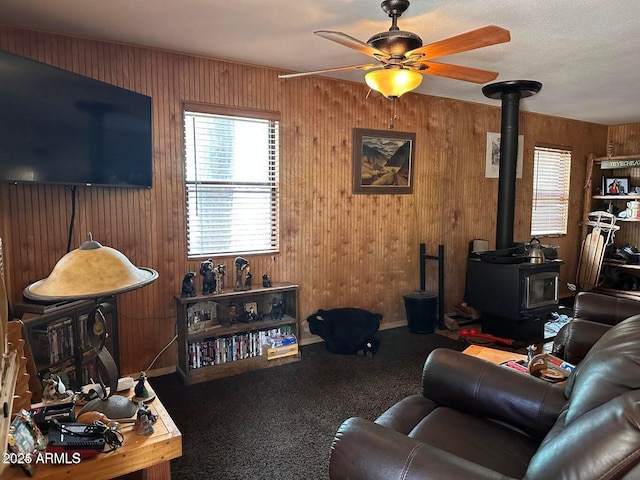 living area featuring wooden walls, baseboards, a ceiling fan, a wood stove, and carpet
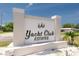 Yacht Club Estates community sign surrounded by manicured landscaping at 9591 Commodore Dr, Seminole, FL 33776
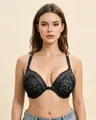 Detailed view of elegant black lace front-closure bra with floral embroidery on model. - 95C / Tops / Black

==

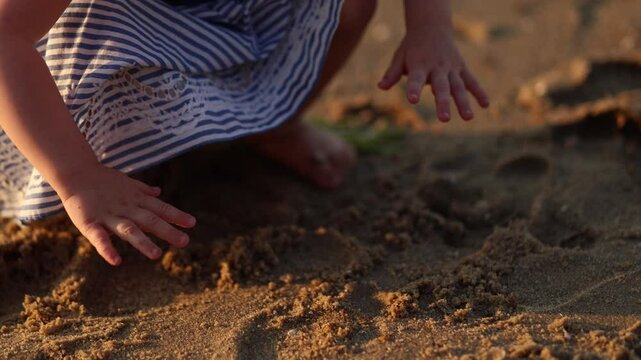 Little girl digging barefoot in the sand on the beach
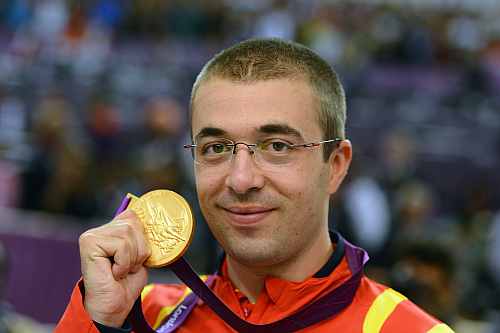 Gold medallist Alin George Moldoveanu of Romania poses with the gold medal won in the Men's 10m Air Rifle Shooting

## Aim of the task
Without the pictures, set down the lines above from the line with "living area featuring" up to and including the line with "Detailed view of" exactly as they stand.

## Task response
 living area featuring wooden walls, baseboards, a ceiling fan, a wood stove, and carpet
 Yacht Club Estates community sign surrounded by manicured landscaping at 9591 Commodore Dr, Seminole, FL 33776
 Detailed view of elegant black lace front-closure bra with floral embroidery on model. - 95C / Tops / Black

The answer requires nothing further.